# Pellet stove in basement. Questions.



## MIoutdoorsjunkie (Oct 11, 2006)

Just had an Enerzone Euromax pellet heater installed in my basement. House is 2000 sqft and basement is a unfinished walkout. Also 2000 sqft. 

Long story short, I have the stove installed directly across from the stairwell which leads to the open floor plan living area upstairs. Just fired it up yesterday evening and, as suspected with an unfinished basement, I am having issues moving heat upstairs. 

Looking to hear from those of you that are "basement dwellers" and have pellet or wood burner in the basement. Need ideas on how to get heat moving upstairs. 

Luckily, the Enerzone stove I have is a ductable unit. Meaning you can buy a plenum kit and to make two runs to forced air registers in the upper level. I wanted to try it without the duct work this winter and see if I can make it work. 

Creative ways to move heat from a basement????


----------



## swampbuck (Dec 23, 2004)

A couple registers through the upstairs floor away from the stairwell to serve as cold air returns, should do it.

Your trying to push air up the stairwell, but the airflow going up is blocking air from coming back down to be heated.

You only have x amount of air volume in the house. You are missing the second half of air circulation. If you have exposed cold air returns from your furnace you may be able to use a duct booster fan to pull air down through those returns.


----------



## swampbuck (Dec 23, 2004)

If you run heat ducts from the pellet stove, the stairwell becomes the cold air returns. That's probably the most efficient way to do it.


----------



## MIoutdoorsjunkie (Oct 11, 2006)

swampbuck said:


> If you run heat ducts from the pellet stove, the stairwell becomes the cold air returns.


Thanks.....I appreciate the advice..... short of cutting holes in the floor, any other ideas?

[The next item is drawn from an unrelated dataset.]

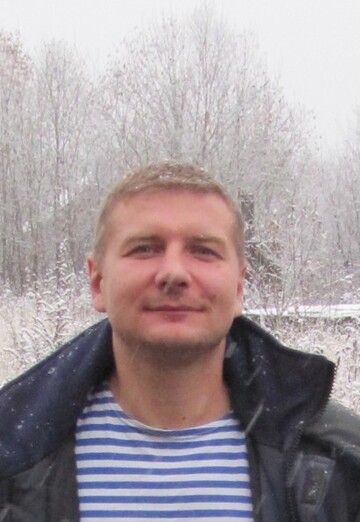 My photo - Vitaliy, 40 from Pyetrykaw (@vitaliy77201)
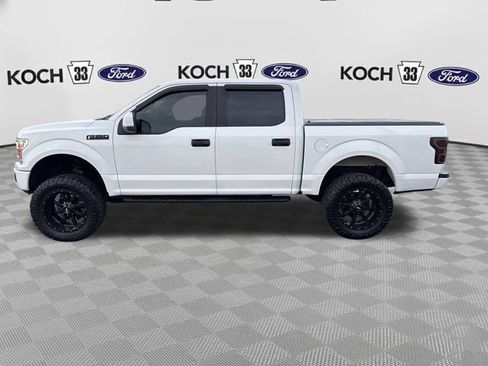 Used 2019 Ford F150 XL w/ Equipment Group 101A Mid AWD/4WD image 4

Not sure that I want to cut holes. 

I haven't tried it yet, but was thinking of running the furnace fan set to "on" instead of "auto". I am wondering if that will circulate the air or If the vents will just blow cool air.


----------



## swampbuck (Dec 23, 2004)

You would still need to get the heat into to the furnace ductwork. The only opening in the ductwork is between the heat registers and the cold returns.

If you could run the heat ducts from the pellet stove into the furnace heat run, then you could set the furnace blower to on, and you would be golden. Even better if you connect the cold air returns to the stove also, then you don't need the furnace on. You could run either or both.

you would probably want to leave one open to the basement and one to the furnace heat run. So your heating both levels. If you want to heat the basement

Either way your blower is pulling cold air and pushing warm air. If you restrict that flow, you lose efficiency.


----------



## tmanmi (Sep 20, 2005)

You could unhook your cold air return from the furnace and let it pull warm air out of the basement.


----------